Kanunkoyucu, ticari kazancın safi tutarının hesaplanması sırasında hasılattan indirilebilecek giderleri saymakla yetinmemiş, indirimi mümkün olamayacak giderleri de GVK’nun 41 inci maddesinde tek tek saymak suretiyle açıklamıştır.

Buna gore ;

 

        Teşebbüs sahibi ile eşinin ve çocuklarının işletmeden çektikleri paralar veya aynen aldıkları sair değerler ,



        Teşebbüs sahibinin kendisine, eşine, küçük çocuklarına işletmeden ödenen aylıklar, ücretler, ikramiyeler, komisyonlar ve tazminatlar,

        Teşebbüs sahibinin işletmeye koyduğu sermaye için yürütülecek faizler,

        Teşebbüs sahibinin, eşinin ve küçük çocuklarının işletmede cari hesap veya diğer şekillerdeki alacakları üzerinden yürütülecek faizler,

        Her türlü para cezaları ve vergi cezaları ile teşebbüs sahibinin suçlarından doğan tazminatlar ,

        Her türlü alkol ve alkollü içkiler ile tütün ve tütün mamullerine ait ilan ve reklâm giderlerinin % 50'si ,

        Kiralama yoluyla edinilen veya işletmede kayıtlı olan yat, kotra, tekne, sürat teknesi gibi motorlu deniz, uçak ve helikopter gibi hava taşıtlarından işletmenin esas faaliyet konusu ile ilgili olmayanların giderleri ile amortismanları, ve,

        Basın yoluyla işlenen fiillerden veya radyo ve televizyon yayınlarından doğacak maddî ve manevî zararlardan dolayı ödenen tazminat giderlerinin

ticari kazancın safi tutarının tespitinde gider olarak indirilmesi mümkün değildir.


Kanunkoyucu, ticari kazançların safi tutarının hesaplanması ve beyanı ile ilgili yukarıdaki hükümleri Gelir Vergisi Kanunu’na koyduktan sonra sosyal ve ekonomik sebeplerle, ticaret ve sanat erbabının bir kısmını vergiden muaf tutmuştur.

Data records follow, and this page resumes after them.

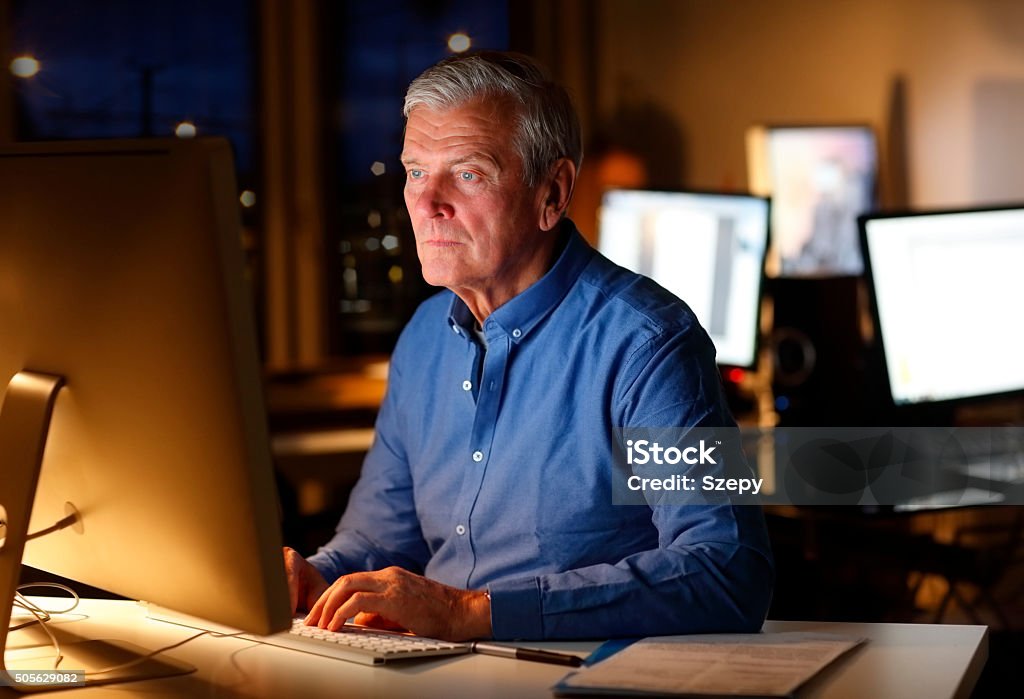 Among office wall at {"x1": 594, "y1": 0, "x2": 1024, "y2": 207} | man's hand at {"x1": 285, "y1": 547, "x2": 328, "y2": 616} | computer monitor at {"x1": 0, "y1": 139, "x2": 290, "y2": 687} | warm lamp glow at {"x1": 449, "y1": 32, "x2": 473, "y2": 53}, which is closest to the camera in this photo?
computer monitor at {"x1": 0, "y1": 139, "x2": 290, "y2": 687}

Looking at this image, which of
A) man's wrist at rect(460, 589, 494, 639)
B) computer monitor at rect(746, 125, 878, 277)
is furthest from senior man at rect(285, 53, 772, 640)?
computer monitor at rect(746, 125, 878, 277)

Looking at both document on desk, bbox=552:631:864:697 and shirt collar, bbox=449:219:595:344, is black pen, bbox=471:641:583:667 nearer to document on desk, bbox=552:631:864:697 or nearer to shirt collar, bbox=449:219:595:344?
document on desk, bbox=552:631:864:697

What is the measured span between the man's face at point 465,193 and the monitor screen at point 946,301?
100 cm

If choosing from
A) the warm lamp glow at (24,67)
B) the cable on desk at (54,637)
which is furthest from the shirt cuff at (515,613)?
the warm lamp glow at (24,67)

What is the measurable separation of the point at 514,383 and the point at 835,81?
3.51m

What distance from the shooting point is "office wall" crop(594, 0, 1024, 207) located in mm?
4234

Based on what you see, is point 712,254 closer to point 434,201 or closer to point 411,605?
point 434,201

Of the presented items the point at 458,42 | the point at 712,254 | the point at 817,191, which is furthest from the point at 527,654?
the point at 458,42

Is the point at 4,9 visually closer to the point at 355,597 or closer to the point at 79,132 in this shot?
the point at 79,132

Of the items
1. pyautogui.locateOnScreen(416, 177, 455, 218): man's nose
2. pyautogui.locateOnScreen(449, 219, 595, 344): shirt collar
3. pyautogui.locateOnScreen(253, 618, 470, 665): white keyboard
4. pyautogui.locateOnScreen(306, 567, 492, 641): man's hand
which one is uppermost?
pyautogui.locateOnScreen(416, 177, 455, 218): man's nose

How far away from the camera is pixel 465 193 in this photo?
1670 mm

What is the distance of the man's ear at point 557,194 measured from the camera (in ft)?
5.64

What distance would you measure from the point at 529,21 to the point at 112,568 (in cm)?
454

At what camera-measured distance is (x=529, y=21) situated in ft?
17.6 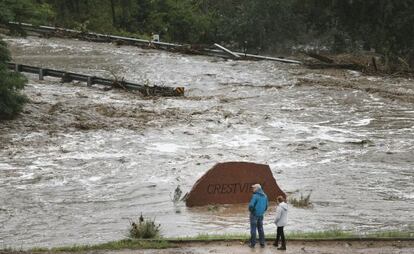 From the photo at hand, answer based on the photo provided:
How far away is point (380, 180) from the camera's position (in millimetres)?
20656

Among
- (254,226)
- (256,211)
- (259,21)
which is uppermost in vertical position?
(259,21)

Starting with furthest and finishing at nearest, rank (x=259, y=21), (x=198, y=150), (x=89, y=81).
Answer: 1. (x=259, y=21)
2. (x=89, y=81)
3. (x=198, y=150)

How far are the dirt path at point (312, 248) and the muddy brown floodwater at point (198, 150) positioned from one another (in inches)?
82.4

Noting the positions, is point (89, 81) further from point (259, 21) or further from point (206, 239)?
point (206, 239)

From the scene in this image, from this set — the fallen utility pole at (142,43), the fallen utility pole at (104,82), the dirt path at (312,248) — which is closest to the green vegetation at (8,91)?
the fallen utility pole at (104,82)

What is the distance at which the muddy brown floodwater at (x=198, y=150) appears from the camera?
1720 centimetres

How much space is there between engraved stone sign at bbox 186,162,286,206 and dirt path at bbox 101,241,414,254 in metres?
4.29

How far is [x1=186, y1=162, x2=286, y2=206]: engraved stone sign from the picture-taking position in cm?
1839

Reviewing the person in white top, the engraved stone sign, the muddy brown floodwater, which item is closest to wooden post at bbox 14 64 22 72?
the muddy brown floodwater

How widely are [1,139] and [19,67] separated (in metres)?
14.2

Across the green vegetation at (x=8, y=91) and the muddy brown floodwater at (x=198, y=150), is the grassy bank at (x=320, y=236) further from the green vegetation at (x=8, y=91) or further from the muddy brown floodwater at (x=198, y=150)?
the green vegetation at (x=8, y=91)

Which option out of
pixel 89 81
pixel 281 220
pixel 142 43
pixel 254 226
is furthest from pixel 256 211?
pixel 142 43

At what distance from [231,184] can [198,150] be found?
5.41 meters

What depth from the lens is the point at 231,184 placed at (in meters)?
18.8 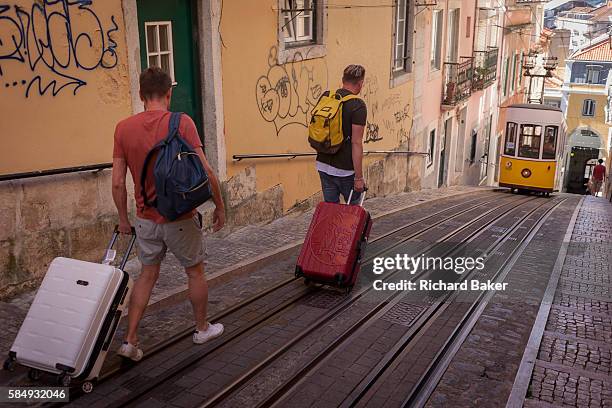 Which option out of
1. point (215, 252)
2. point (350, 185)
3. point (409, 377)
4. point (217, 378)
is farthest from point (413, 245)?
point (217, 378)

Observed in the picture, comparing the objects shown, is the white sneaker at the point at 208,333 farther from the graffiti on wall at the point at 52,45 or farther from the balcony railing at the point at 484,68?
the balcony railing at the point at 484,68

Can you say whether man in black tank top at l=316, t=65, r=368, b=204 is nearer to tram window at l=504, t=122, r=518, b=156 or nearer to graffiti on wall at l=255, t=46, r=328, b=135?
graffiti on wall at l=255, t=46, r=328, b=135

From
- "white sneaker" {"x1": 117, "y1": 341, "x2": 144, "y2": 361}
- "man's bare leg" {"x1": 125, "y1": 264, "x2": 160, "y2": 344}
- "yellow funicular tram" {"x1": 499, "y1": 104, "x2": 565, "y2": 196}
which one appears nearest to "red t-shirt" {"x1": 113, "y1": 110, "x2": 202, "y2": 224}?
"man's bare leg" {"x1": 125, "y1": 264, "x2": 160, "y2": 344}

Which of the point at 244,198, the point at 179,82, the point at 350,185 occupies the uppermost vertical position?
the point at 179,82

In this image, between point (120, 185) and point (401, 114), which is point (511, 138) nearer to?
point (401, 114)

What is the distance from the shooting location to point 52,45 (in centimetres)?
484

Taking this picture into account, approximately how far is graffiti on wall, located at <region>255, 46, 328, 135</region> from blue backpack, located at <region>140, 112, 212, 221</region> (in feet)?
12.9

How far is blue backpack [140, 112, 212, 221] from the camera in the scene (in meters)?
3.52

Vergiden muaf tutulan bu grupta, motorlu nakil vasıtaları kullanmamak şartı ile gezici olarak veya bir iş yeri açmaksızın perakende ticaret ile iştigal edenler , bir iş yeri açmaksızın gezici olarak ve doğrudan doğruya müstehlike iş yapan hallaç, kalaycı, lehimci, musluk tamircisi, çilingir, ayakkabı tamircisi, kundura boyacısı, berber, nalbant, fotoğrafçı, odun ve kömür kırıcısı, çamaşır yıkayıcısı ve hamallar gibi küçük sanat erbabı, köylerde gezici olarak her türlü sanat işleri ile uğraşanlar ile aynı yerlerde aynı işleri bir iş yeri açmak suretiyle yapanlar, nehir, göl ve denizlerde ve su geçitlerinde toplamı 50 rüsum tonilatoya kadar makinesiz veya motorsuz nakil vasıtaları işletenler; hayvanla veya bir adet hayvan arabası ile nakliyecilik yapanlar , ziraat işlerinde kullandıkları hayvan, hayvan arabası, motor, traktör gibi vasıtalar veya sandallarla nakliyeciliği mutat hale getirmeksizin ara sıra ücret karşılığında eşya ve insan taşıyan çiftçiler, hariçten işçi almamak, muharrik kuvvet kullanmamak kayıt ve şartı ile oturdukları evlerde imal ettikleri havlu, örtü, çarşaf, çorap, halı, kilim, dokuma mamülleri, örgü, dantel, her nevi nakış işlerini ve her nevi turistik eşya, hasır, sepet, süpürge, paspas, fırça, yapma çiçek, ip ve urganları dükkân açmaksızın satanlar bulunmaktadır. Kanunda ayrıca, esnaf muaflığından faydalananların faaliyetleri ile ilgili olarak satın aldıkları mallara ve giderlerine ilişkin, gelir ve kurumlar vergisi mükelleflerinden aldıkları belgeleri saklamak zorunda oldukları hükme bağlanmıştır.



III.2 Zirai kazançlar

Gelir Vergisi Kanunu’nda, arazide, deniz, göl ve nehirlerde, ekim, dikim, bakım, üretme, yetiştirme ve ıslah yollarıyla veyahut doğrudan doğruya tabiattan istifade etmek suretiyle nebat, orman, hayvan, balık ve bunların mahsullerinin istihsalini, avlanmasını, avcıları ve yetiştiricileri tarafından muhafazasını, taşınmasını, satılmasını veya bu mahsullerden sair bir şekilde faydalanılması olarak tanımlanan zirai faaliyetten elde edilen gelirler, zirai kazanç olarak adlandırılmaktadır.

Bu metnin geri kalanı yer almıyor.